Task to carry out: Return all of the data below verbatim and exclude every picture.

Supplied data:
..............................
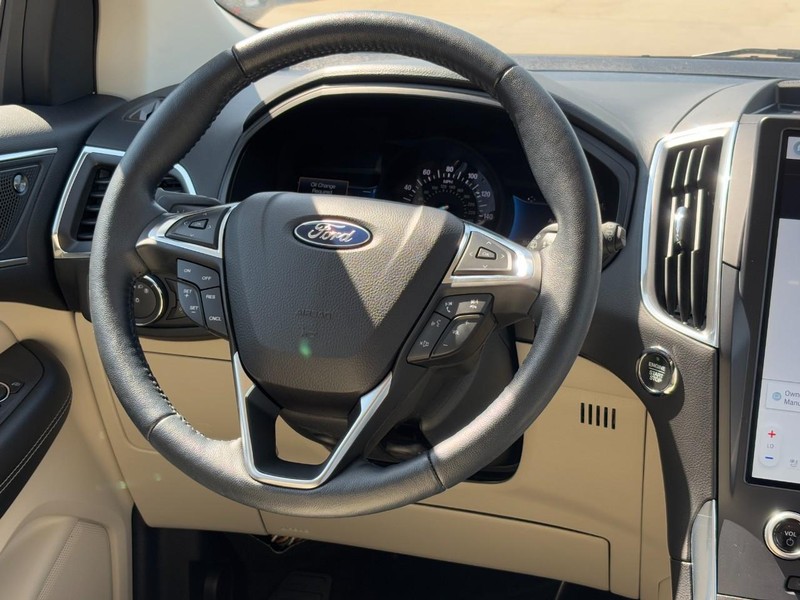 Ford Edge Vehicle Full-screen Gallery Image 12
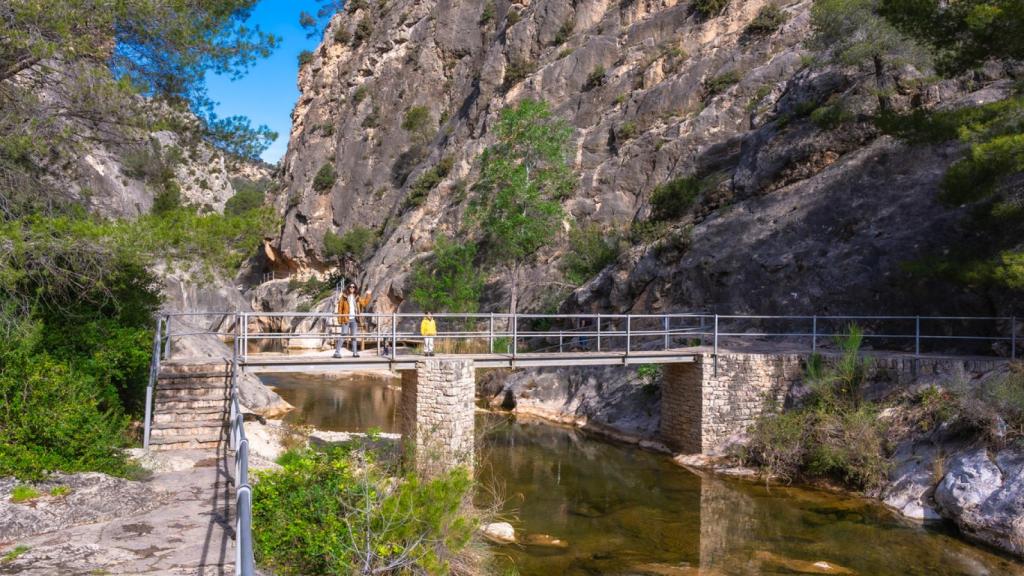 Pasarela sobre el río Canaletes en el santuario de la Fontcalda.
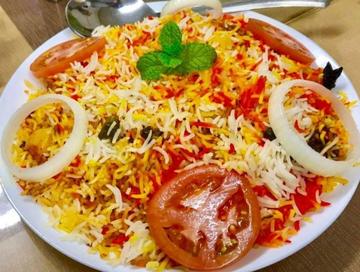 チキンビリヤニ Chicken Biryani + Raita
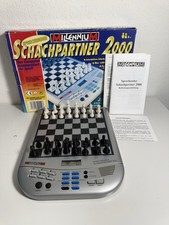 Millennium SCHACHCOMPUTER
..............................
Completed exercise:
 Ford Edge Vehicle Full-screen Gallery Image 12
 Pasarela sobre el río Canaletes en el santuario de la Fontcalda.
 チキンビリヤニ Chicken Biryani + Raita
 Millennium SCHACHCOMPUTER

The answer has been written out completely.